What to do — Find the line containing "I Became the". Retype it and every later line of the records exactly, leaving out pictures.

Provided material —
___
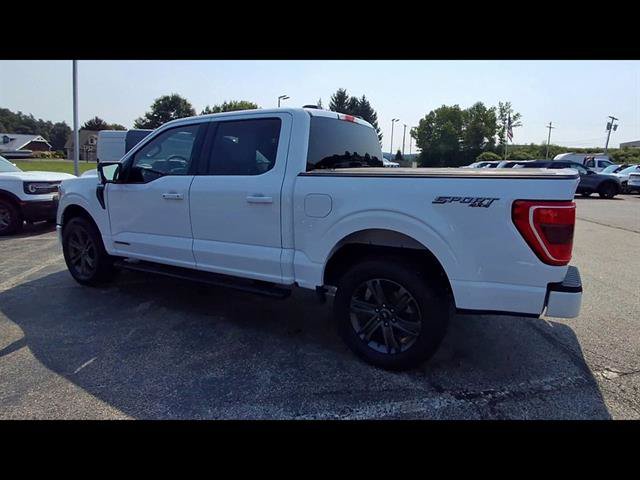Certified 2023 Ford F150 XLT w/ Equipment Group 302A High AWD/4WD image 6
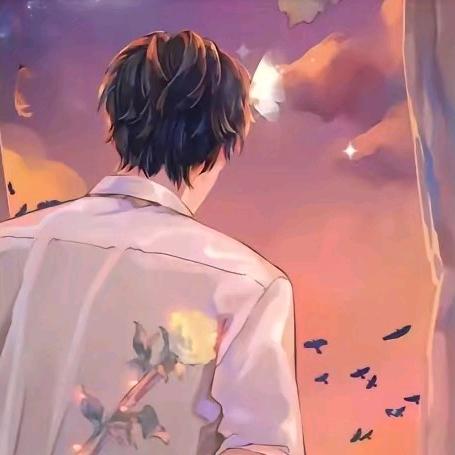 月亮只会奔我而来🌙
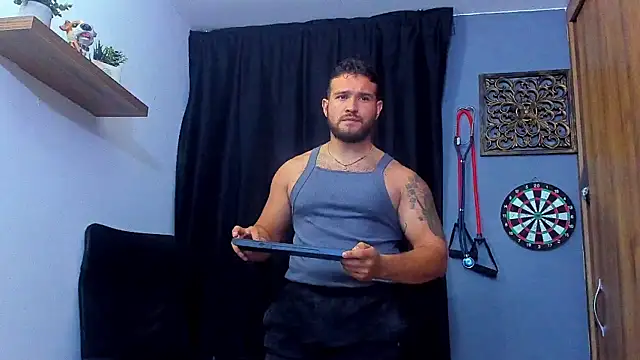 AndrewDiaz online show from 18, 4, 2026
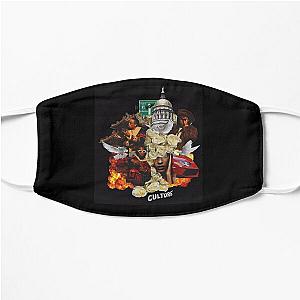 Culture Migos Merchandise  Flat Mask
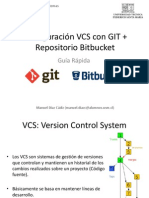 Guia GIT + Bitbucket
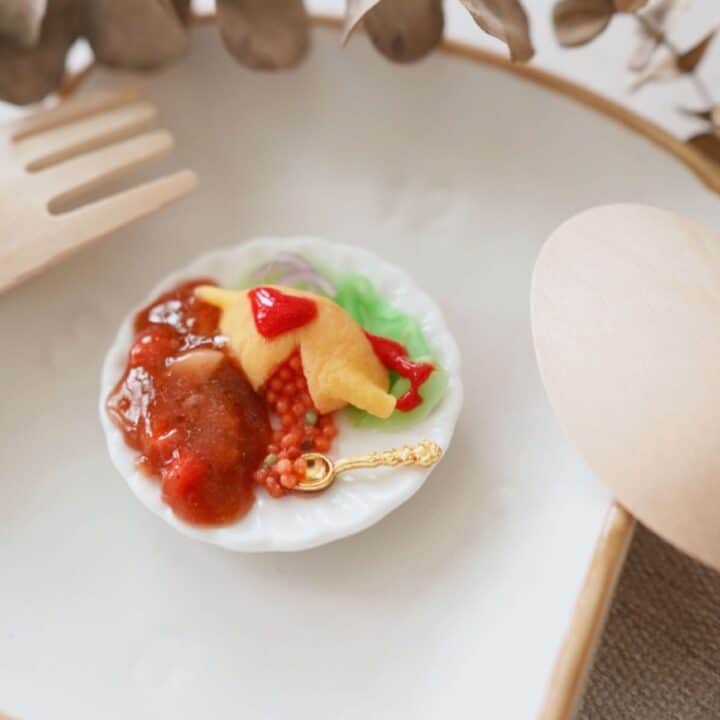 蛋包飯3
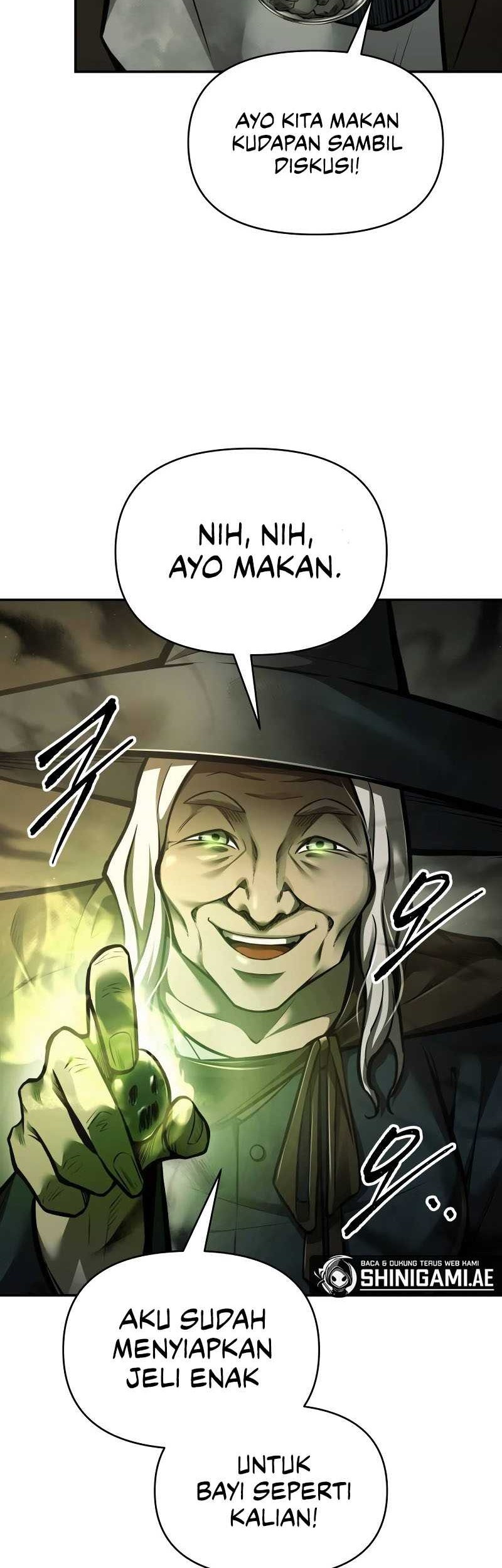 I Became the Tyrant of a Defense Game Chapter 82 - halaman 47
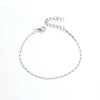 Best Selling Anklet Beach Ladies Anklet Foot Metal Chain Fashion Foot Bare Chain Wholesale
___
Written reply —
 I Became the Tyrant of a Defense Game Chapter 82 - halaman 47
 Best Selling Anklet Beach Ladies Anklet Foot Metal Chain Fashion Foot Bare Chain Wholesale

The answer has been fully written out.